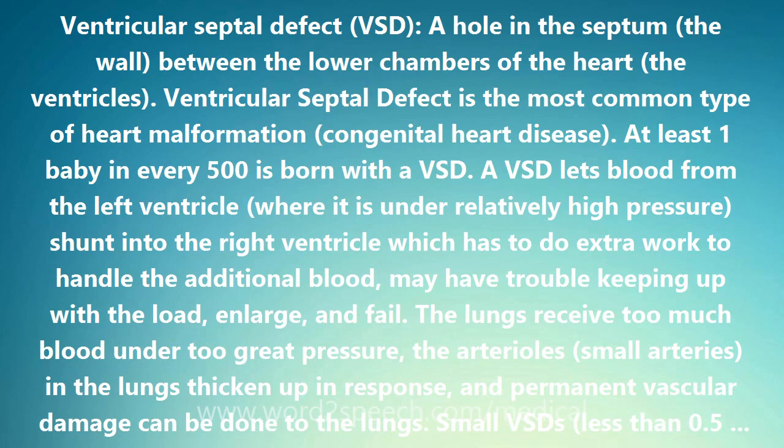Small VSDs, less than 0.5 square centimeters in area, permit only minimal shunting of blood and the pressure in the right ventricle remains normal and the heart and lungs function normally. Surgical repair is not recommended for small VSDs.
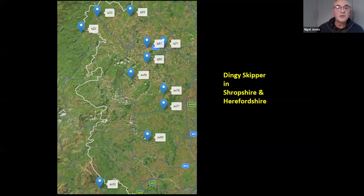It'd be very useful if people in the area can send records in of the dingy skipper — it would be good to know we've got any more sites for that species.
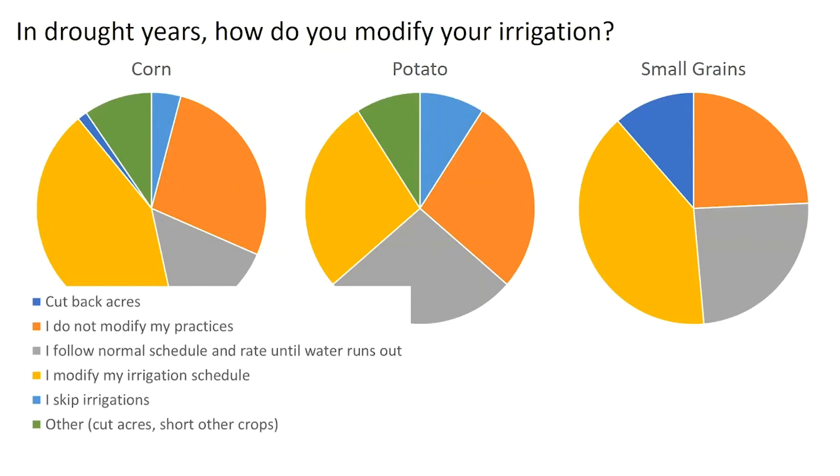These last couple questions were to get at farmers' attitudes about conserving water and how they deal with limited water. In drought years, how do you modify your irrigation? Most people say they modify their irrigation, but 25 to 30% say they don't do anything different during a drought year — possibly because they have adequate water or they're just constrained and can't do much. We also asked if they skip irrigations — not very many say they would. And quite a few said they would follow their normal schedule and rate until their water runs out. I think this will help us look at options for providing new information about the best strategies in a drought year.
□ □ □ □ □
WHAT YOU WILL DO:
Give the lines from the one containing "It'd be very" through the final line of the material again, exactly and in full, but without pictures.

RESULT:
It'd be very useful if people in the area can send records in of the dingy skipper — it would be good to know we've got any more sites for that species.
These last couple questions were to get at farmers' attitudes about conserving water and how they deal with limited water. In drought years, how do you modify your irrigation? Most people say they modify their irrigation, but 25 to 30% say they don't do anything different during a drought year — possibly because they have adequate water or they're just constrained and can't do much. We also asked if they skip irrigations — not very many say they would. And quite a few said they would follow their normal schedule and rate until their water runs out. I think this will help us look at options for providing new information about the best strategies in a drought year.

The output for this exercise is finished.